IUA, as an organization accommodating all Indonesian urologists, has published recommendations for urologists during the COVID-19 pandemic. These recommendations cover outpatient clinics, surgery services, and PPE use.26 For outpatient services, this guidance recommend teleconsultation and restricting the number of patient consultations. Most urologists had already complied with the recommendation to restrict the number of patients, but face-to-face consultation remained the primary consultation method for outpatient services. Even though telemedicine is being developed and the Indonesia government had been proactive by providing national policy support and for the development of telemedicine, telemedicine is still unpopular among urologists of whom less than one quarter have used telemedicine.27,28
According to IUA recommendations, all elective surgeries should be postponed in order to increase the availability of healthcare workers, ICU beds, and inpatient rooms, in addition to preventing transmission of SARS-CoV-2.26 However, only one-third of respondents stopped elective surgery, while most urologists reduced their elective surgery activity by more than two-thirds of cases. In line with IUA recommendations, most urologists conducted COVID-19 screening for patients undergoing elective surgery. Moreover, more than two-thirds of urologists cancelled elective surgery requiring post-operative ICU care and about 30% continued with planned elective surgery only if there was a risk of disease progression. The IUA guidance recommends that it should be assumed that all patients undergoing surgery have COVID-19 unless proven otherwise.26
Most respondents who regularly do the laparoscopic surgery had temporarily abandoned this procedure.
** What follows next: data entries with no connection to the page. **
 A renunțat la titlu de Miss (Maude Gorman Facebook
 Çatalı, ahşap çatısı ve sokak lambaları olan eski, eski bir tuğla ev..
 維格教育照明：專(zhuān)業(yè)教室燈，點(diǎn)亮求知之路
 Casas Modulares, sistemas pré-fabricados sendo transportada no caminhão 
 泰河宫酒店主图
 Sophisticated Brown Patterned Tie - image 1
Even though it hasn’t been proven that COVID-19 could be transmitted via laparoscopic surgical smoke, it should be avoided since several viruses, such as hepatitis B, human papillomaviruses, and HIV have a potential for laparoscopic transmission and SARS-CoV-2 might have similar properties.22
In addition to emergency surgery, there are several urological procedures which are recommended to be done due to risk of disease progression. IUA recommends that procedures for patients with severe disease should to not be deferred, including surgery for muscle invasive bladder cancer or in situ bladder cancer, testicular tumours, cT3 + kidney tumours, high-risk prostate cancer which cannot be treated by radiation therapy, upper tract urothelial tumours, adrenal cortical carcinoma, and penile tumours. This recommendation is in line with article written by Campi et al.29 which discusses the prioritisation of urological surgery in Italy during the COVID-19 pandemic. Moreover, this recommendation is also in line with respondents’ assessments of surgery priorities.
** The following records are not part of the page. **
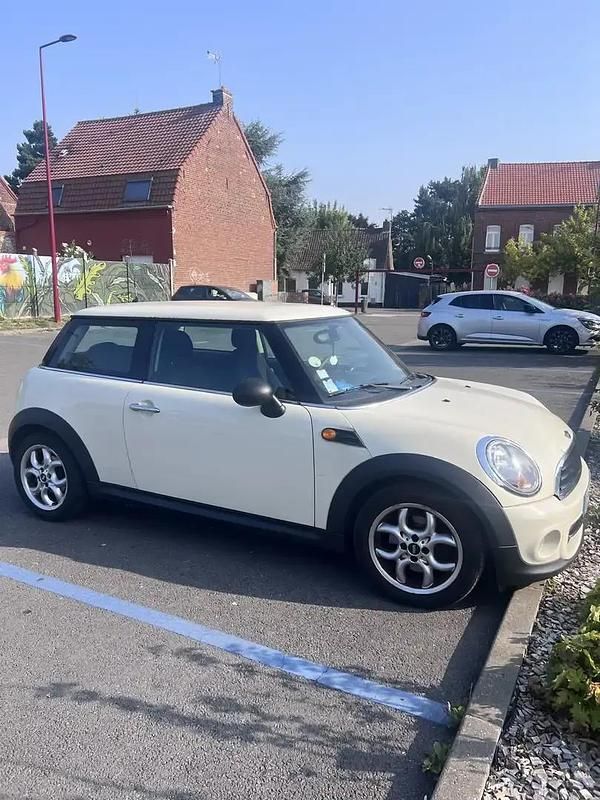 Beige Utilisé 2011 Mini One D Hatch Citadine | 3 200 € (Prix juste) - Image 1/4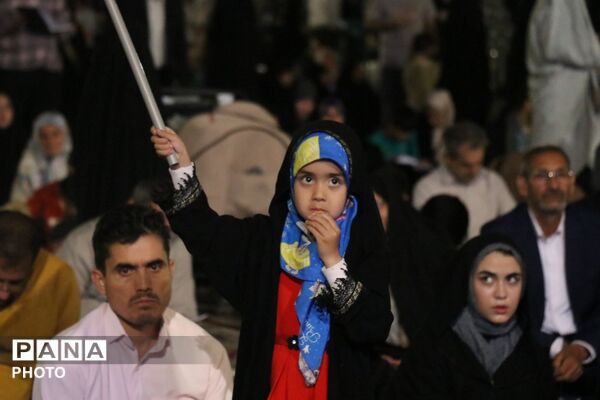 حال و هوای آستان مقدس رضوی در شب ولادت هشتمین اختر تابناک آسمان ولایت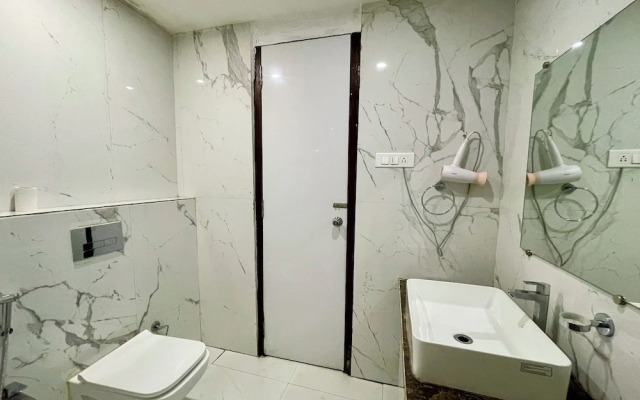 TBS Sea View - Full AC- Pool & Breakfast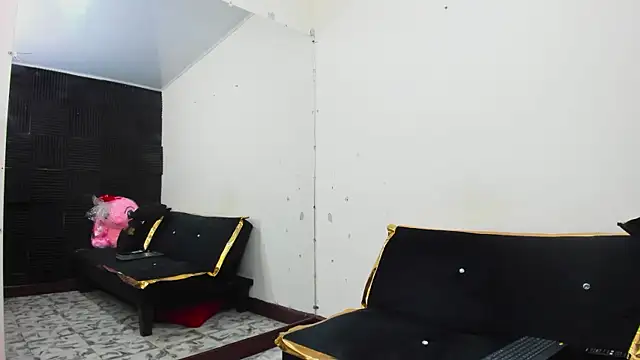 Lynn_Jones webcam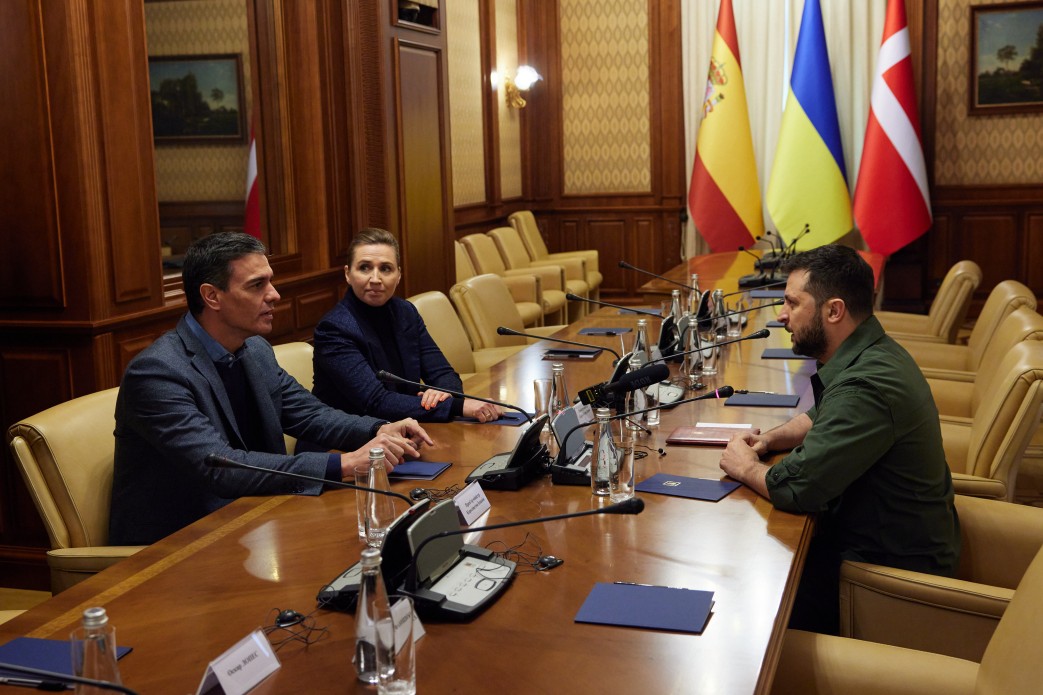 Danish Prime Minister Mette Frederiksen and Spanish Prime Minister Pedro Sánchez during the meeting with the President of Ukraine Volodymyr Zelensky in Kyiv, photo - Office of the President of Ukraine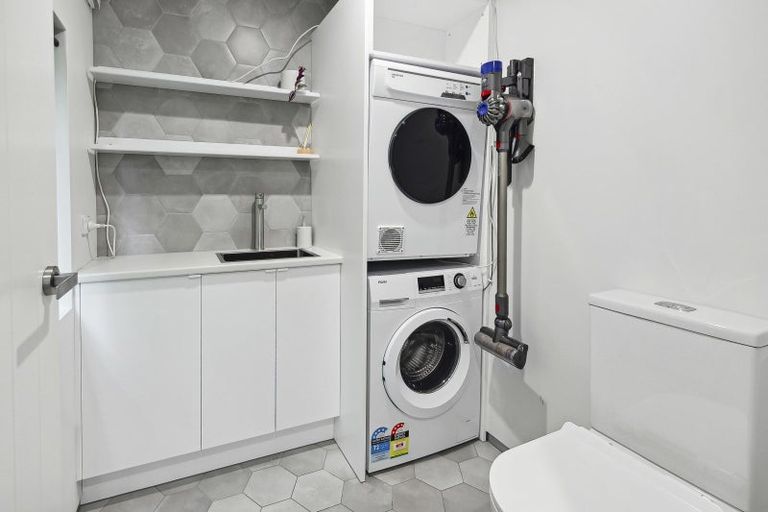 Photo of property in 47 Mount Pleasant Road, Aro Valley, Wellington, 6012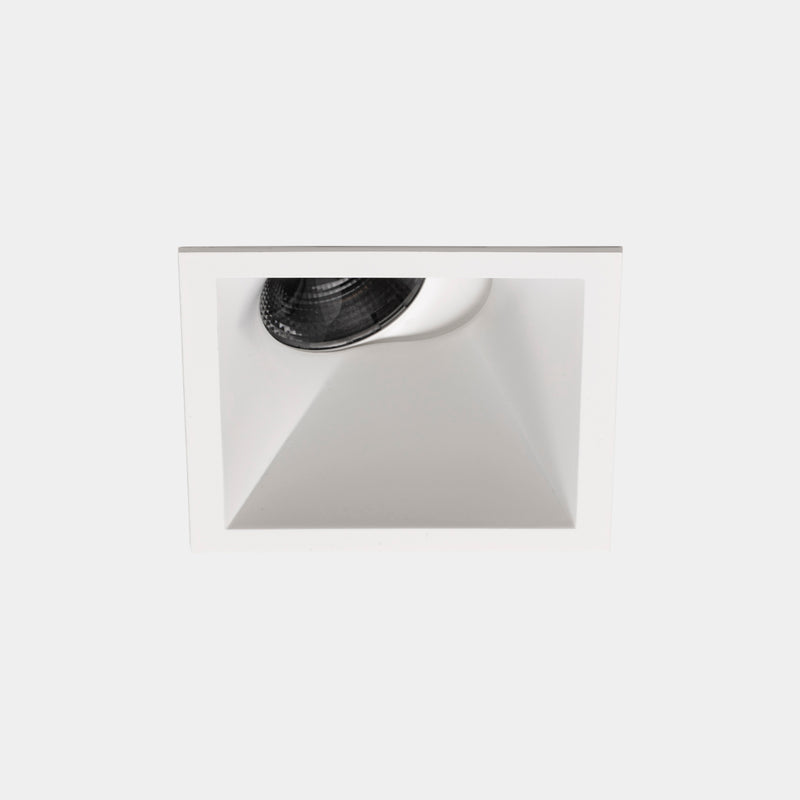 Play Visual Comfort Square Adjustable Trim Recessed Downlight | 8.5W 2700K CRI92 | White | AG77-P7V9WFOU14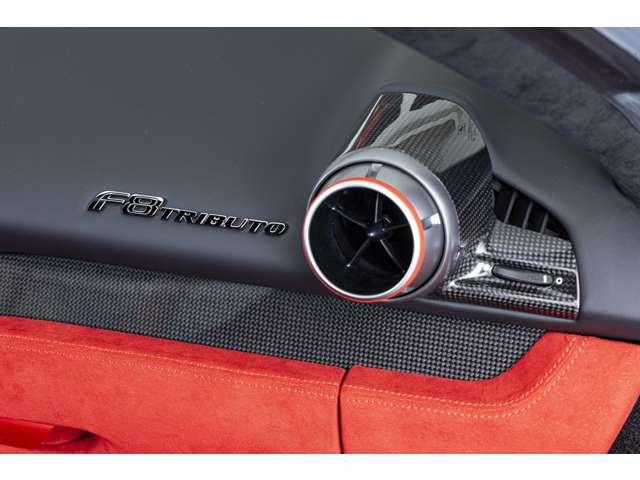 F8トリブート F1 DCT RossoCorsaMetallizzato 認定中古車 左ハンドル サスペンションリフター バックカメラ カーボンフロントスポイラーカーボンリアディフューザー カーボンサイドシル カーボンファイバードライバーゾーン レーシングシート(27枚目)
Surgical mask, face shields, medical gloves, and surgical cap were well utilized and provided by the hospital. This should be sufficient to protect healthcare workers in outpatient settings and inpatient settings without patients with suspected or confirmed COVID-19 based on IUA recommendations. However, medical gown availability appeared to be more limited among urology residents than among urologists. This study also revealed a shortage of N95 masks among urologist and urology resident in public hospitals. N95 masks are recommended for use in the care of patients with suspected or confirmed COVID-19. Therefore, this shortage of equipment needs to be addressed.